21. The semiconductor device of claim 20, wherein a length of said
electrode material at said gate insulation layer is approximately
30 nm or less.
22. The semiconductor device of claim 20, wherein said work
function adjusting material layer comprises at least one of
titanium and tantalum.
Description
BACKGROUND OF THE INVENTION
[0001] 1. Field of the Invention
[0002] Generally, the present disclosure relates to the fabrication
of sophisticated integrated circuits including transistor elements
comprising highly capacitive gate structures on the basis of a
high-k gate dielectric material of increased permittivity and a
work function metal.
[0003] 2. Description of the Related Art
[0004] The fabrication of advanced integrated circuits, such as
CPUs, storage devices, ASICs (application specific integrated
circuits) and the like, requires the formation of a large number of
circuit elements on a given chip area according to a specified
circuit layout, wherein field effect transistors represent one
important type of circuit element that substantially determines
performance of the integrated circuits. Generally, a plurality of
process technologies are currently practiced, wherein, for many
types of complex circuitry, including field effect transistors,
CMOS technology is currently one of the most promising approaches
due to the superior characteristics in view of operating speed
and/or power consumption and/or cost efficiency. During the
fabrication of complex integrated circuits using, for instance,
CMOS technology, millions of transistors, i.e., N-channel
transistors and P-channel transistors, are formed on a substrate
including a crystalline semiconductor layer. A field effect
transistor, irrespective of whether an N-channel transistor or a
P-channel transistor is considered, typically comprises so-called
PN junctions that are formed by an interface of highly doped
regions, referred to as drain and source regions, with a slightly
doped or non-doped region, such as a channel region, disposed
adjacent to the highly doped regions. In a field effect transistor,
the conductivity of the channel region, i.e., the drive current
capability of the conductive channel, is controlled by a gate
electrode formed adjacent to the channel region and separated
therefrom by a thin insulating layer. The conductivity of the
channel region, upon formation of a conductive channel due to the
application of an appropriate control voltage to the gate
electrode, depends on the dopant concentration, the mobility of the
charge carriers and, for a given extension of the channel region in
the transistor width direction, on the distance between the source
and drain regions, which is also referred to as channel length.

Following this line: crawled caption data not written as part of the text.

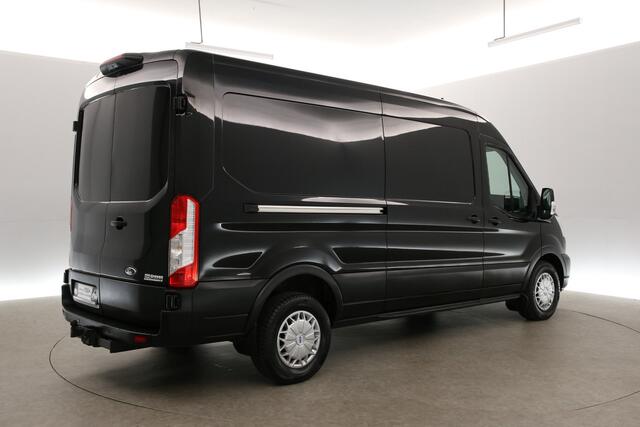 Ford TRANSIT 2.0 Ecoblue L2H2 Airco Camera Carplay Cruise LED 3 Persoons Trekhaak PDC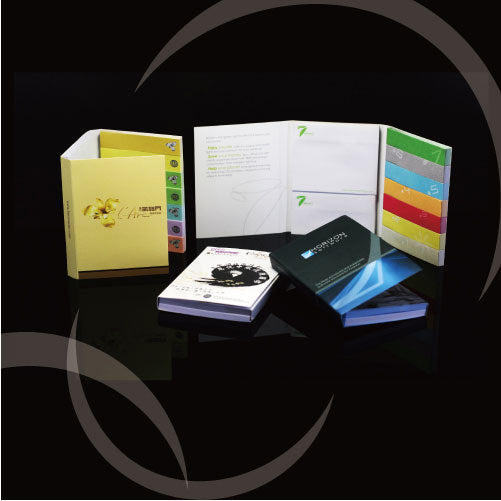 Post it Memo pad (two fold style)
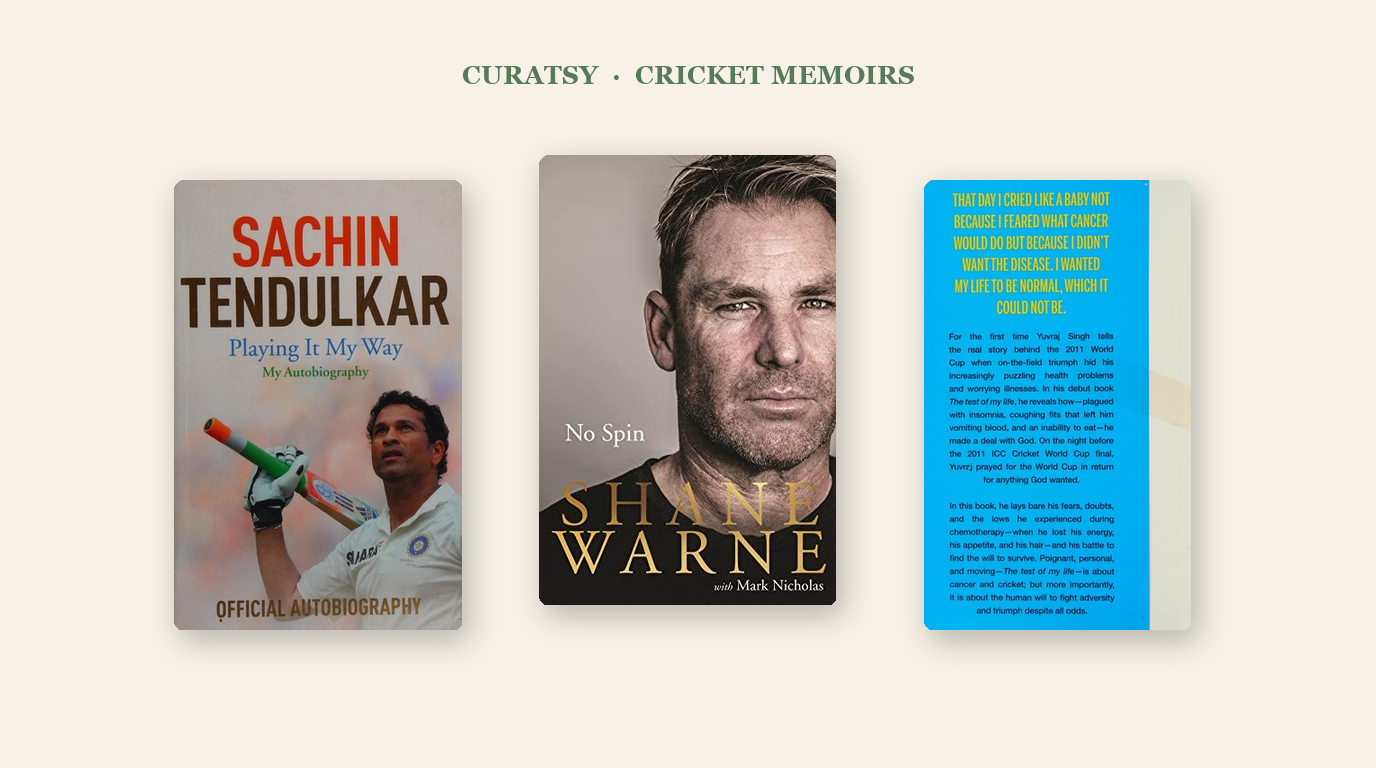 5 Best Cricket Player Memoirs and Autobiographies (2026)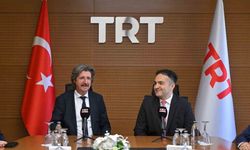 Rektör Yılmaz, TRT Yönetim Kurulu Başkanlığı görevine başladı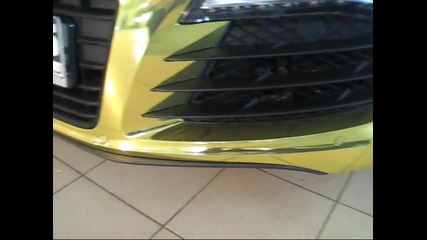 Audi R8 золото Hexis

Hence, the conductivity of the channel region substantially affects
the performance of MOS transistors. Thus, as the speed of creating
the channel, which depends on the conductivity of the gate
electrode, and the channel resistivity substantially determine the
transistor characteristics, the scaling of the channel length, and
associated therewith the reduction of channel resistivity, is a
dominant design criterion for accomplishing an increase in the
operating speed of the integrated circuits.

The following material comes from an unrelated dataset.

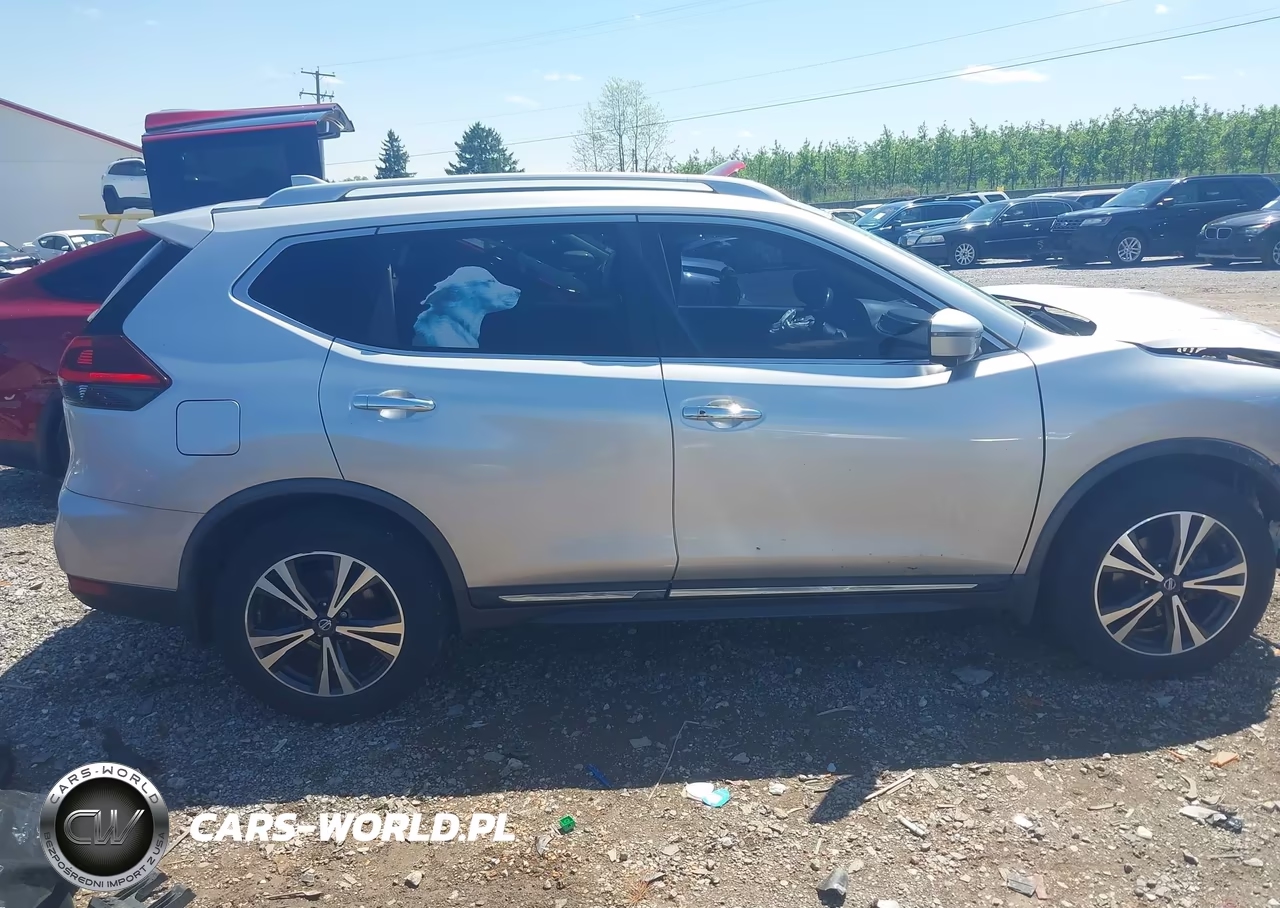 2018 Nissan Rogue Sl VIN:JN8AT2MTXJW466792 - 13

[0005] Presently, the vast majority of integrated circuits are
based on silicon due to substantially unlimited availability, the
well-understood characteristics of silicon and related materials
and processes and the experience gathered during the last 50 years.
Therefore, silicon will likely remain the material of choice for
future circuit generations designed for mass products. One reason
for the importance of silicon in fabricating semiconductor devices
has been the superior characteristics of a silicon/silicon dioxide
interface that allows reliable electrical insulation of different
regions from each other. The silicon/silicon dioxide interface is
stable at high temperatures and, thus, allows performance of
subsequent high temperature processes, as are required, for
example, for anneal cycles to activate dopants and to cure crystal
damage without sacrificing the electrical characteristics of the
interface.
[0006] For the reasons pointed out above, in field effect
transistors, silicon dioxide is preferably used as a base material
of a gate insulation layer that separates the gate electrode,
frequently comprised of polysilicon or metal-containing materials,
from the silicon channel region. In steadily improving device
performance of field effect transistors, the length of the channel
region has been continuously decreased to improve switching speed
and drive current capability. Since the transistor performance is
controlled by the voltage supplied to the gate electrode to invert
the surface of the channel region to a sufficiently high charge
density for providing the desired drive current for a given supply
voltage, a certain degree of capacitive coupling, provided by the
capacitor formed by the gate electrode, the channel region and the
silicon dioxide disposed therebetween, has to be maintained. It
turns out that decreasing the channel length requires an increased
capacitive coupling to avoid the so-called short channel behavior
during transistor operation. The short channel behavior may lead to
an increased leakage current and to a pronounced dependence of the
threshold voltage on the channel length. Aggressively scaled
transistor devices with a relatively low supply voltage and thus
reduced threshold voltage may suffer from an exponential increase
of the leakage current while also requiring enhanced capacitive
coupling of the gate electrode to the channel region. Thus, the
thickness of the silicon dioxide layer has to be correspondingly
decreased to provide the required capacitance between the gate and
the channel region. For example, a channel length of approximately
0.08 .mu.m may require a gate dielectric made of silicon dioxide as
thin as approximately 1.2 nm. Although, generally, usage of high
speed transistor elements having an extremely short channel may be
substantially restricted to high speed signal paths, whereas
transistor elements with a longer channel may be used for less
critical signal paths, such as storage transistor elements, the
relatively high leakage current caused by direct tunneling of
charge carriers through an ultra-thin silicon dioxide gate
insulation layer may reach values for an oxide thickness in the
range of 1-2 nm that may not be compatible with thermal design
power requirements for performance driven circuits.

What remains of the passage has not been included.